Tuesday, November 11, 2008

Election Post-Mortem: Are We All the Fat Guy in "Deliverance"?

Blogging has seemed less urgent since the presidential election has concluded. Now we are just waiting for Obama and the new and bigger majority of Democrats to take power. Once they do, changes will be rapid. Think of the barbarians sacking Rome, breaking into the wine stash, carrying away golden goblets and screaming maidens. Yes, it will be something like that.

There will be a move towards shoring up the auto industry. The auto industry is slowly dying of union-inflicted wounds, namely the outrageously high pension plans and post-retirement benefits for its many workers. These burdens were forced on the auto makers by the unions, when times were good and the auto makers could afford them; but now that the economy is in a nose-dive, those fixed costs are eating GM, Ford and Chrysler alive.

So if the Dems bail out the auto makers, they are actually bailing out their own voting constituents, i.e., over-indulged and overpaid union retirees. Unions. Outrageous benefits. Bankrupted companies. Recessions. Democrats. Beginning to sense a pattern here?

Hmm, come to think of it, my own state of Fruits and Nuts, also known as California, has the same problem: they are largely bankrupt from lavish retirement programs for state employees who are (surprise!) represented by militant unions.

President Bush wants to make our ally Colombia a trading partner with the United States; Obama does not. Why? Because unions aren't as ruthlessly strong in Colombia and some over-harried, overtaxed American companies may want to export jobs there so they can actually make a profit. American unions would rather those companies stay here where they can be more easily fleeced.

The American public is about to get the fat guy-in-Deliverance treatment.
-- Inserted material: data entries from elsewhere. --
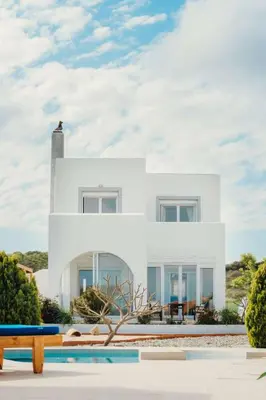 a white house with a pool in front of it at Holiday Home Gennadi Dreams Ferienvilla by Interhome in Gennadi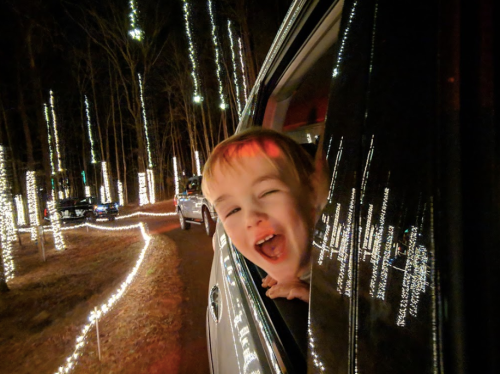 A joyful child leans out of a car window, surrounded by glowing holiday lights in a nighttime setting.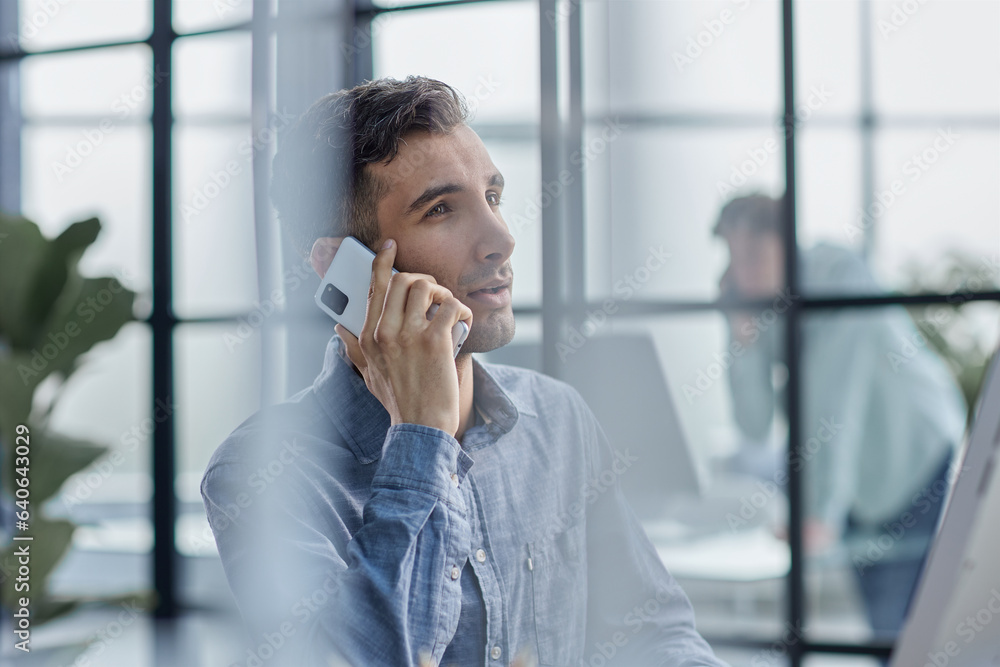 Businessman shopping over the phone in an office Businessman shopping over the phone in an office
If you saw "Deliverance," remember the fat guy who was made to strip and get down on all fours? He was made to squeal like a pig while some homosexual hillbilly violated him.

Squeal piggies, squeal! Wheeeooo! Wheeeooo!

The Dems will tell you they are just making love to you. Oh please! Don't try to make something dirty out of it, it's a beautiful thing. You're not losing your freedoms, you're gaining security...well, security except for entrepreneurs, businessmen and capitalists. But then again, you can't make an omelette without breaking some eggs.

If you're one of the eggs, tough luck.